** Supplied information follows **
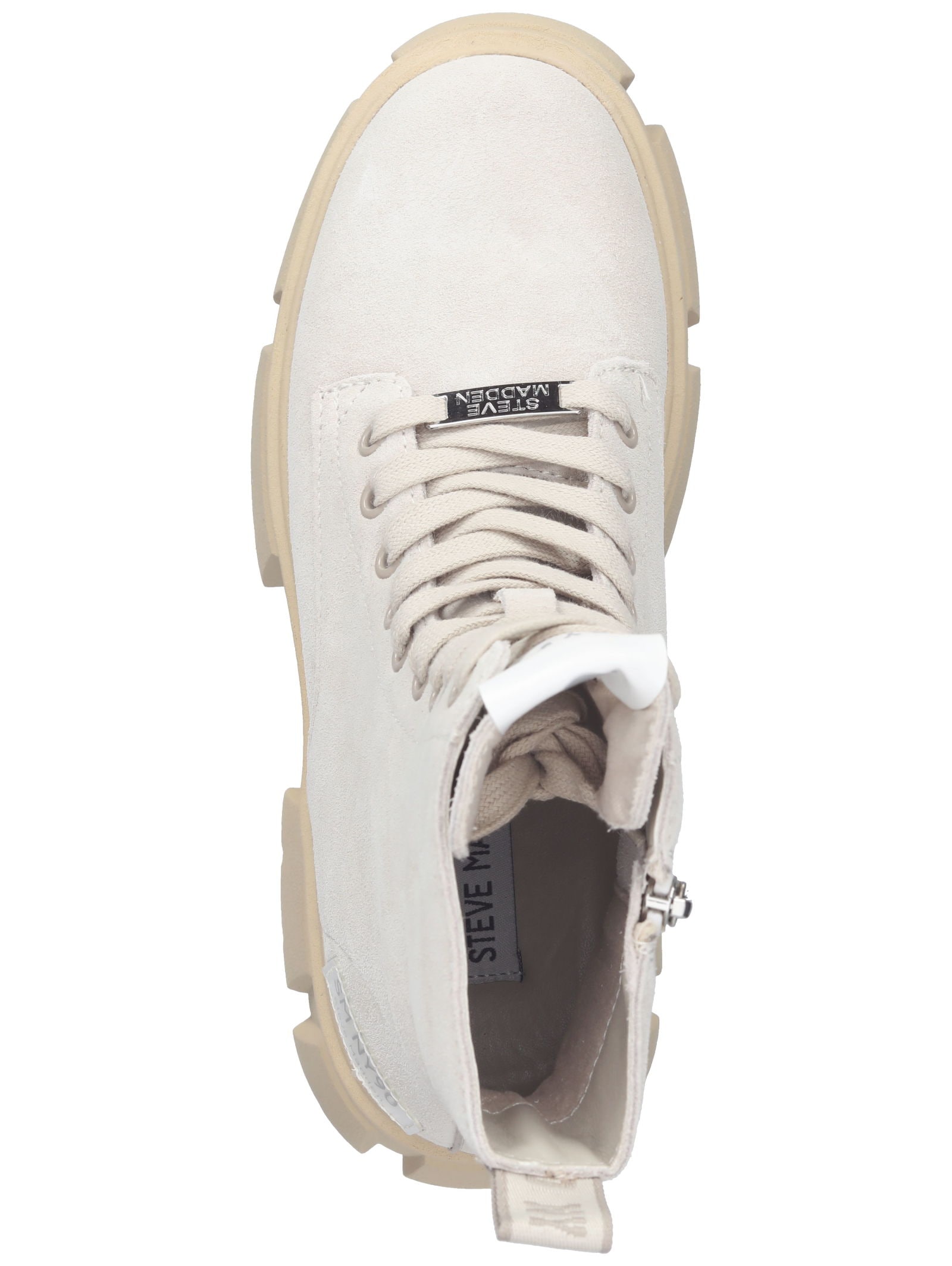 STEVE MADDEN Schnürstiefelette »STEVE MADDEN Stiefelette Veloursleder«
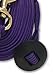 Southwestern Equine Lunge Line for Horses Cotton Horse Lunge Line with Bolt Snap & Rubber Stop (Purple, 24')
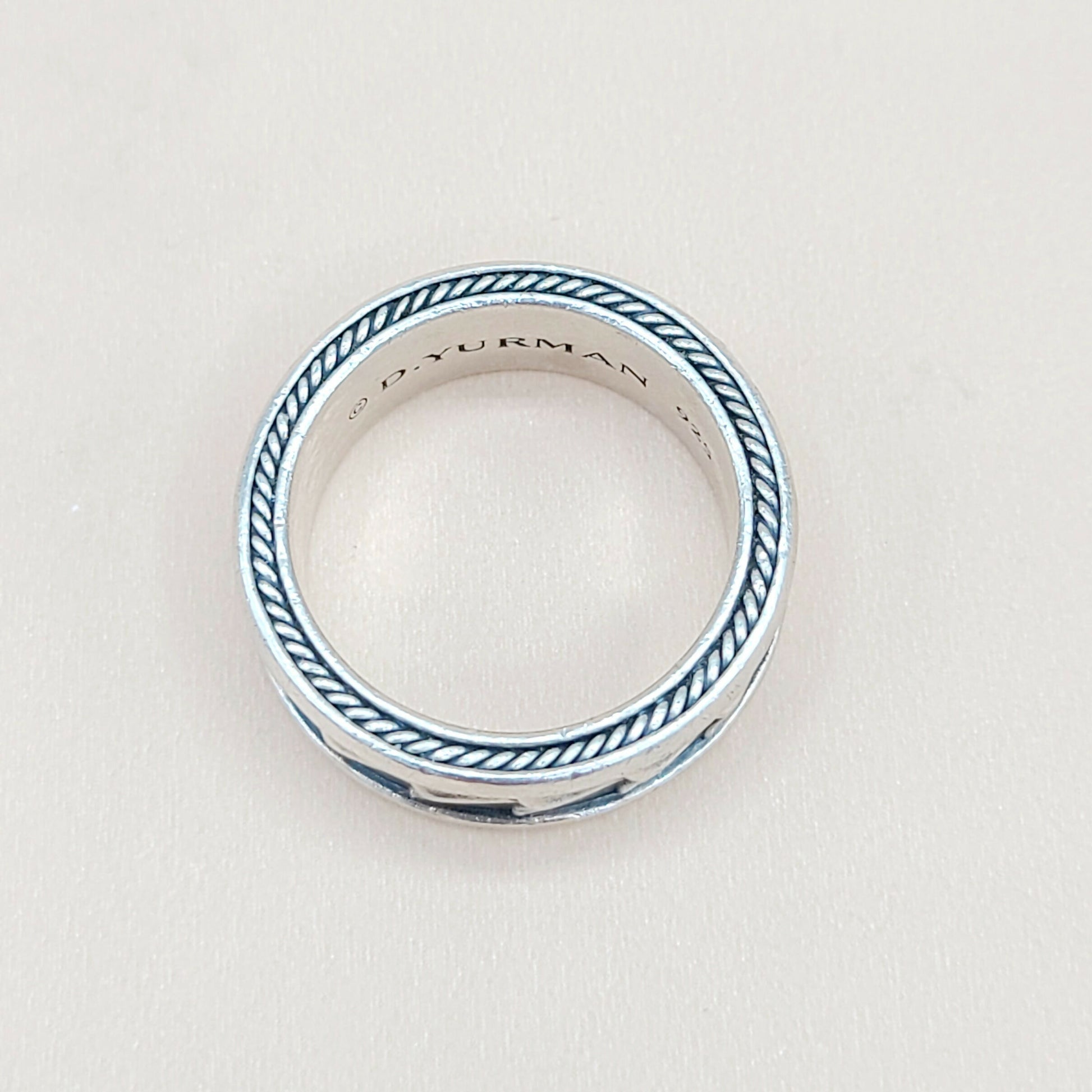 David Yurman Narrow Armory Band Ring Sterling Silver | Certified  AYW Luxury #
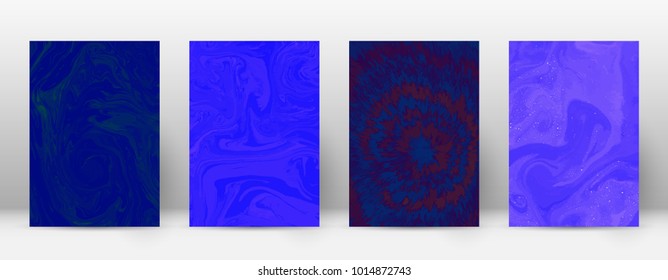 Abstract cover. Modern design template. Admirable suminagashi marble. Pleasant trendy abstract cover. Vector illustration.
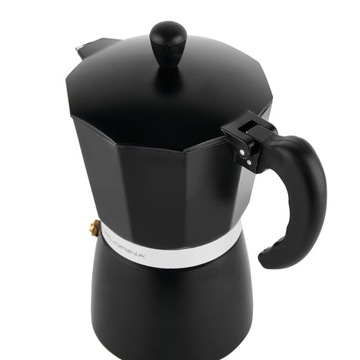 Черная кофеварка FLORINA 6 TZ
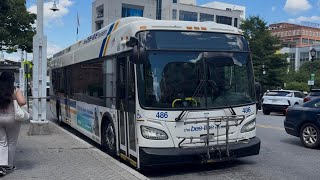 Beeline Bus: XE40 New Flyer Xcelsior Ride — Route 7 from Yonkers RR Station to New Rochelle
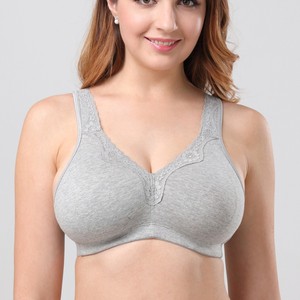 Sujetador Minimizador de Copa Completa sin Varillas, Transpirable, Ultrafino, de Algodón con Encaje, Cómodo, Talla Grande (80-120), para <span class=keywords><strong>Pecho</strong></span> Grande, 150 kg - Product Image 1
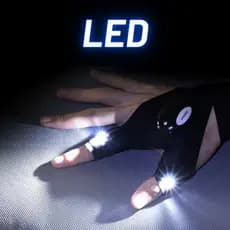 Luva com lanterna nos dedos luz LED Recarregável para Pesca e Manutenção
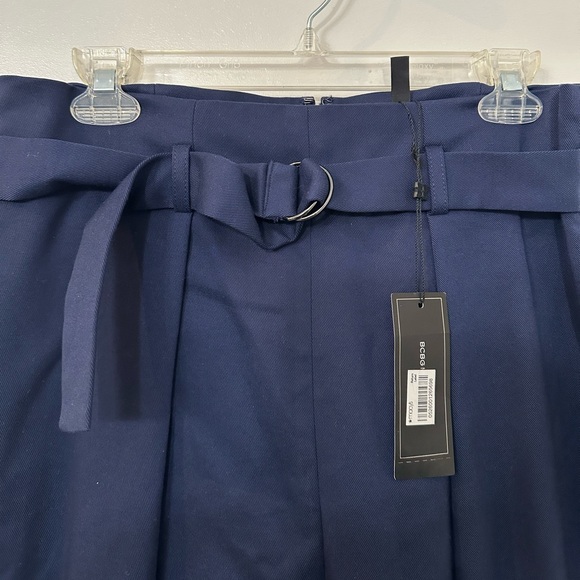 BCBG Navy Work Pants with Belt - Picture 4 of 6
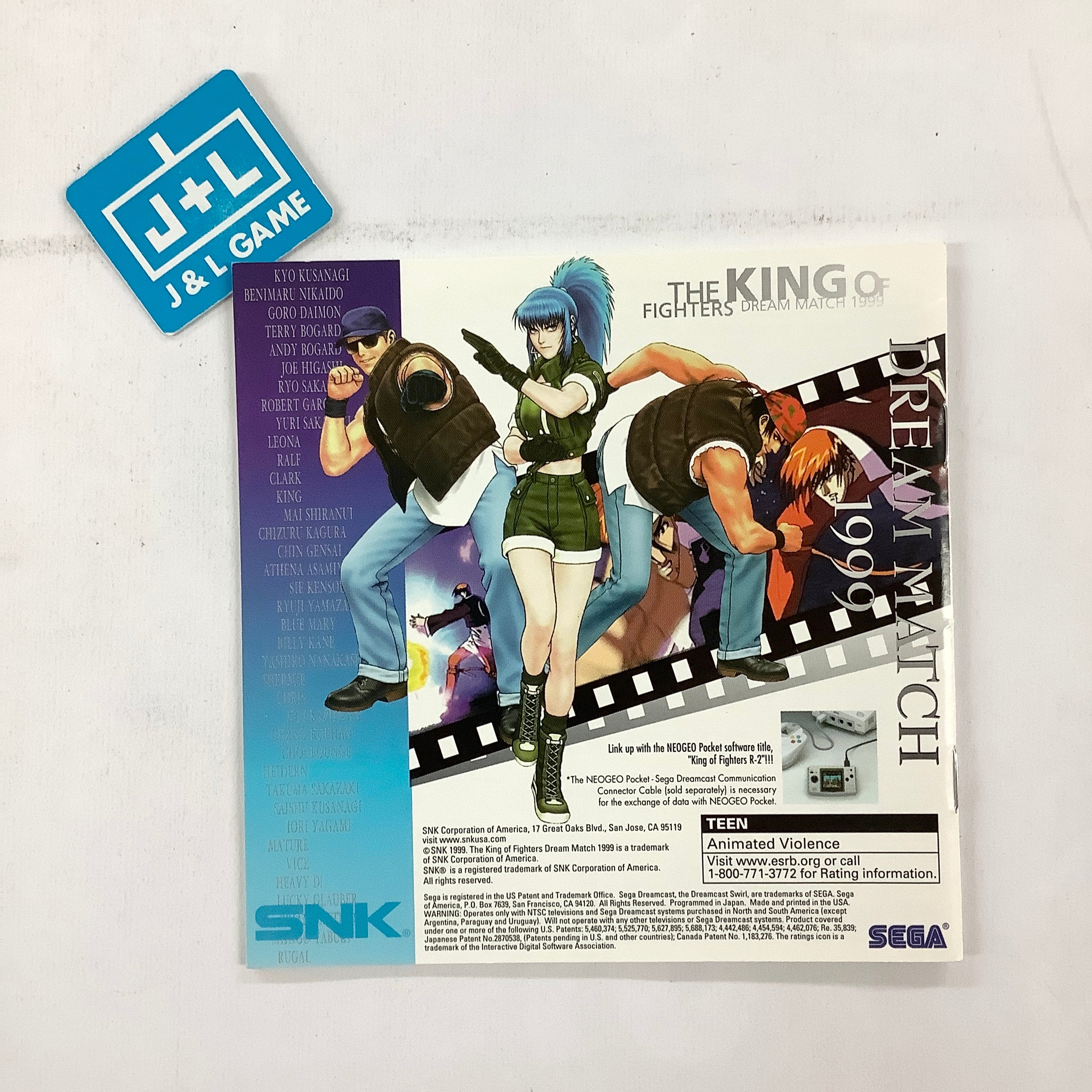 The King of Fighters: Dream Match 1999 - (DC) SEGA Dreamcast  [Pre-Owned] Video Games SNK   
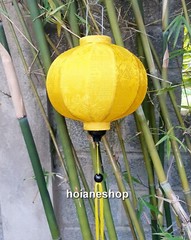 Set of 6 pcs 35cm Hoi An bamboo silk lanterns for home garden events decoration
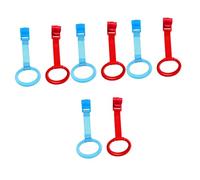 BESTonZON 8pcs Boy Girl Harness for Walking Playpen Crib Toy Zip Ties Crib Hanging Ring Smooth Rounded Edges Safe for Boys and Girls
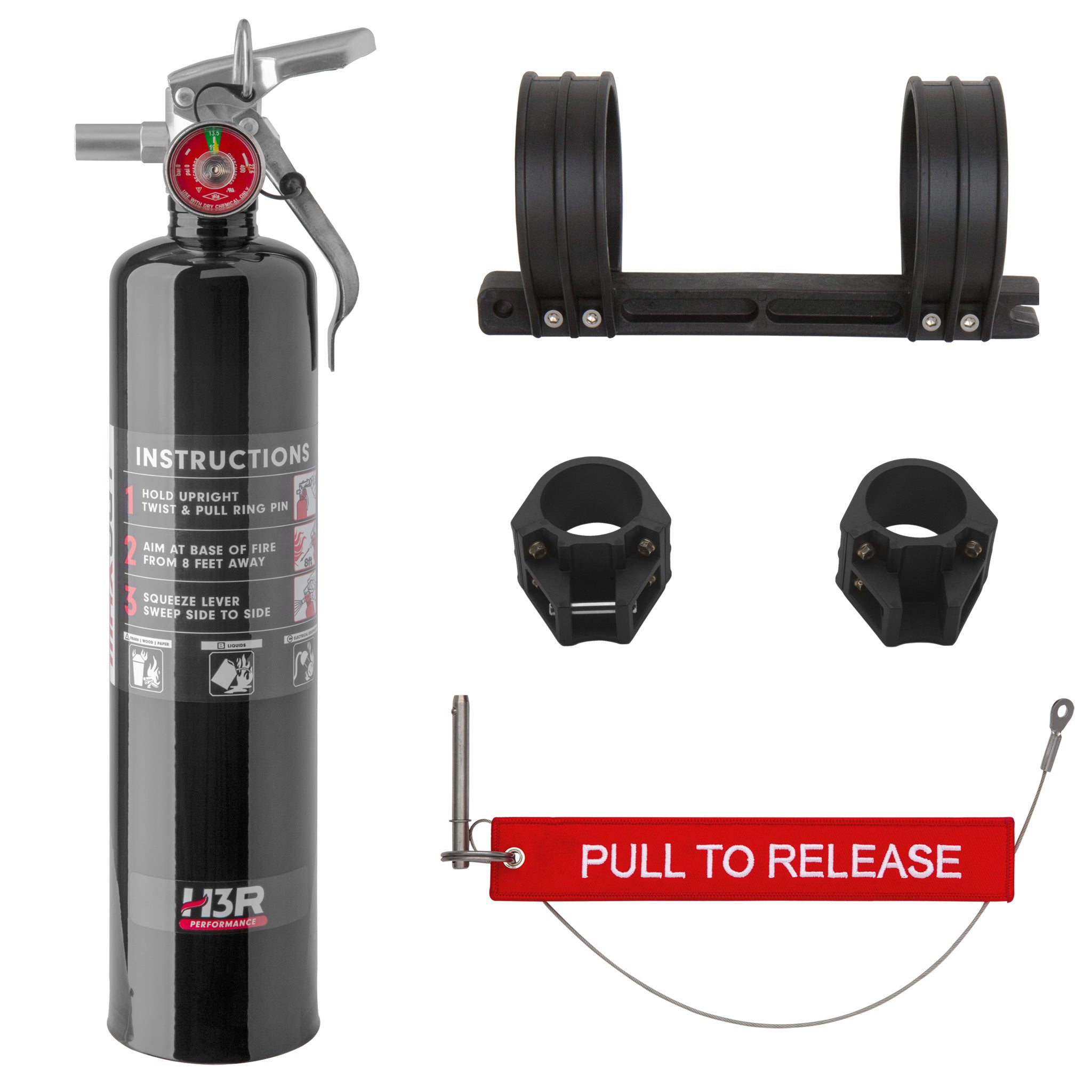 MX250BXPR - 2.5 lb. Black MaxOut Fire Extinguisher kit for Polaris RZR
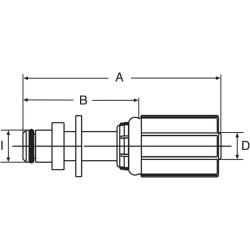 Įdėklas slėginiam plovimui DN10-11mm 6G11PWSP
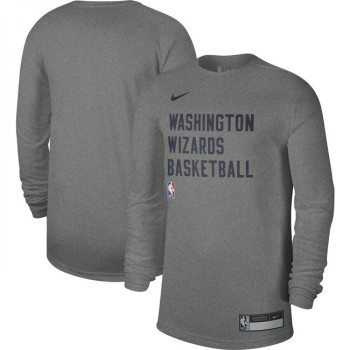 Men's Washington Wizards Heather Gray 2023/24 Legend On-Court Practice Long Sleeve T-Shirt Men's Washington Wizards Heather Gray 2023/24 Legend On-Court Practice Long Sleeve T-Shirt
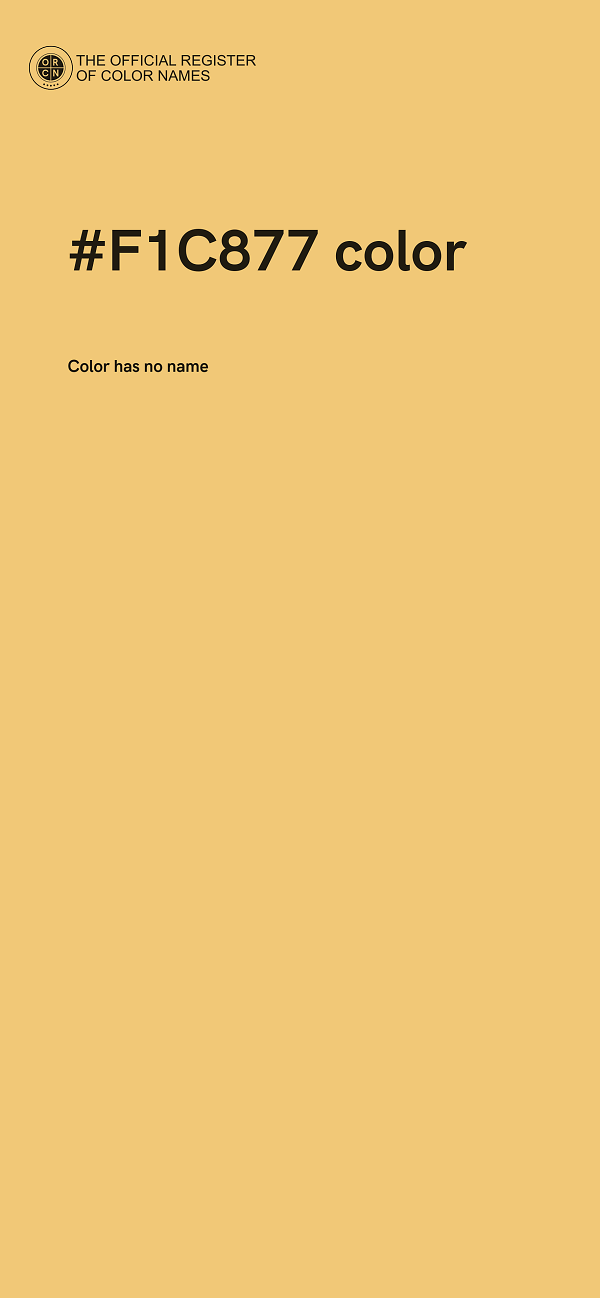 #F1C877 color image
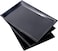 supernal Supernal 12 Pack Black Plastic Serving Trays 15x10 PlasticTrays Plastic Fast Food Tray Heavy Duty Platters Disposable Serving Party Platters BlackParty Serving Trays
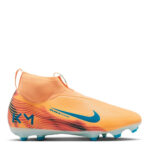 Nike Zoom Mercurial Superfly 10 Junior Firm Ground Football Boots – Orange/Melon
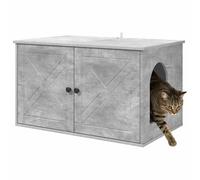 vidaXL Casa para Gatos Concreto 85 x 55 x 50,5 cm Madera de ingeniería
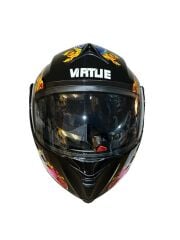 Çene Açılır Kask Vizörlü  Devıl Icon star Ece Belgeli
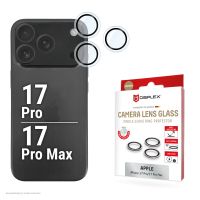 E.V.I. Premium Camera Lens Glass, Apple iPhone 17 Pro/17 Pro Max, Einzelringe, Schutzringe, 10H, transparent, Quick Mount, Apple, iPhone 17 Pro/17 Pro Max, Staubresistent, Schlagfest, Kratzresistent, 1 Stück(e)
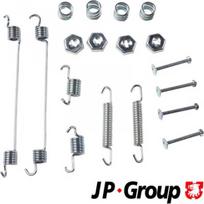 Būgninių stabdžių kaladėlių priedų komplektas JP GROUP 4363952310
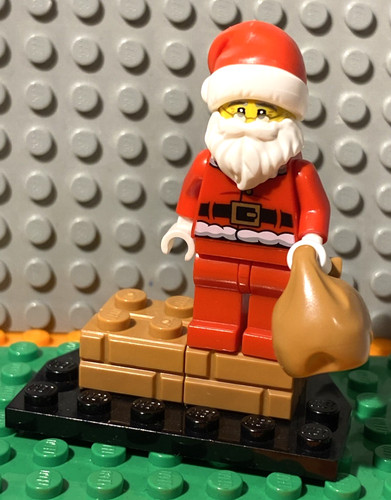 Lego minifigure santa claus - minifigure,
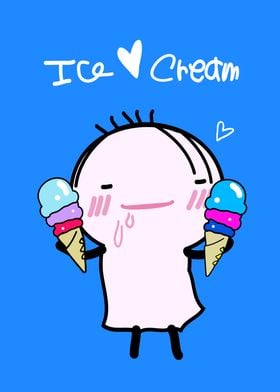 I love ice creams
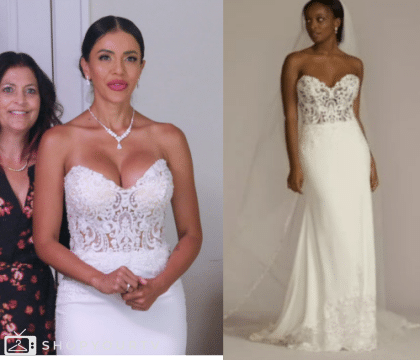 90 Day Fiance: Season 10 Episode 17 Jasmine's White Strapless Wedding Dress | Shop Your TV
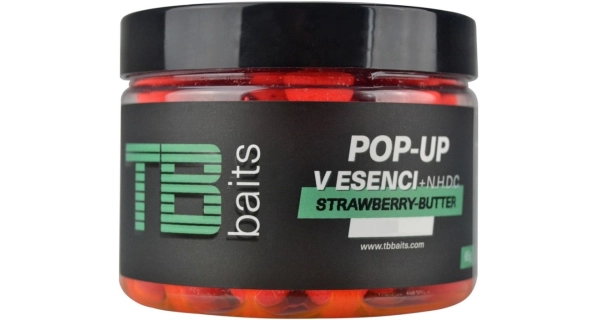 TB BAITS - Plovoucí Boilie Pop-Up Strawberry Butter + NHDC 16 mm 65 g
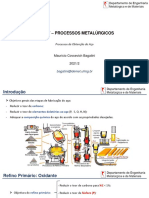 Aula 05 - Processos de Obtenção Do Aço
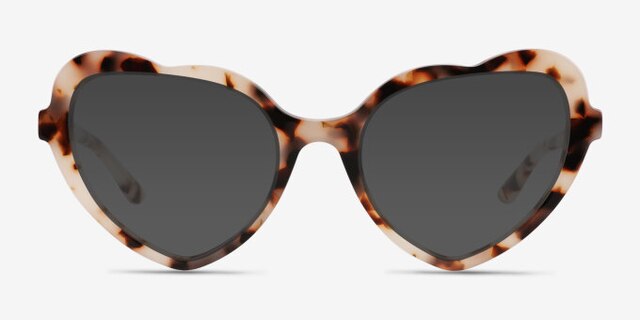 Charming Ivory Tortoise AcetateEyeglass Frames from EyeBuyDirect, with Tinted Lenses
** End of Supplied information **
What to produce
Your task is to repeat, word for word and with no picture, every line from the one that contains "vidaXL Casa para" through the last line of the data.

Written response
 vidaXL Casa para Gatos Concreto 85 x 55 x 50,5 cm Madera de ingeniería
 Çene Açılır Kask Vizörlü  Devıl Icon star Ece Belgeli
 E.V.I. Premium Camera Lens Glass, Apple iPhone 17 Pro/17 Pro Max, Einzelringe, Schutzringe, 10H, transparent, Quick Mount, Apple, iPhone 17 Pro/17 Pro Max, Staubresistent, Schlagfest, Kratzresistent, 1 Stück(e)
 Būgninių stabdžių kaladėlių priedų komplektas JP GROUP 4363952310
 Lego minifigure santa claus - minifigure,
 I love ice creams
 90 Day Fiance: Season 10 Episode 17 Jasmine's White Strapless Wedding Dress | Shop Your TV
 TB BAITS - Plovoucí Boilie Pop-Up Strawberry Butter + NHDC 16 mm 65 g
 Aula 05 - Processos de Obtenção Do Aço
 Charming Ivory Tortoise AcetateEyeglass Frames from EyeBuyDirect, with Tinted Lenses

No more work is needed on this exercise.